Comparison of EDENOL DOZ and DOS

As azelaic acid is a close homologue of sebacic acid, the respective esters are very similar in their product properties. As shown in Table 1, viscosity and specific gravity are the same. Thus, when switching from DOS to EDENOL DOZ, little to nothing needs to be changed in the dosing system.

Since the chemical structure and physicochemical properties of EDENOL DOZ and DOS are very similar, the behavior of both plasticizers in a PVC formulation was compared. A basic PVC formulation was used: a CaZn-stabilized PVC with epoxidized soy bean oil as co-stabilizer and the plasticizers, EDENOL DOZ or DOS, at two respective dosage levels of 40 or 70 phr (Table 2).

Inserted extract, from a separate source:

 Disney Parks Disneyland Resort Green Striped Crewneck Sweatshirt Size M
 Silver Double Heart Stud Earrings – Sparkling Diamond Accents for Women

Comparing EDENOL DOZ and DOS, one can recognize the deviations are quite small and often within, or close to, the tolerances of the respective measurement. The Shore hardness tends to be slightly lower with EDENOL DOZ compared to DOS; therefore, the plasticizer dosage in this formulation could have been reduced when switching from DOS to EDENOL DOZ. With the tensile strength at 40 phr dosage being the same for both plasticizers, the difference at the higher dosage is minimal. Breaking tension, elongation at break and the cold flex temperature do not show any significant differences. The extraction resistance to iso-octane shows a small advantage for EDENOL DOZ within the accuracy of the measurement. Although the differences in behavior depend upon the full formulation used, EDENOL DOZ is certainly the closest alternative to DOS that is available in the market.



EDENOL DOZ provides similar properties to DOS in substance as well as incorporated in PVC. Both plasticizers provide food contact compliance according to FDA CFR 21 and both are partially biobased materials. However, while DOS is dependent upon the supply chain of castor oil and sebacic acid, the new plasticizer is based on azelaic acid, which is derived from a reliable and proven process of ozonolysis of oleic acid. Oleic acid is sourced from numerous natural fats and oils, so EDENOL DOZ provides the highest level of safety of supply for the PVC industry, and therefore, it represents a viable and sustainable replacement for DOS.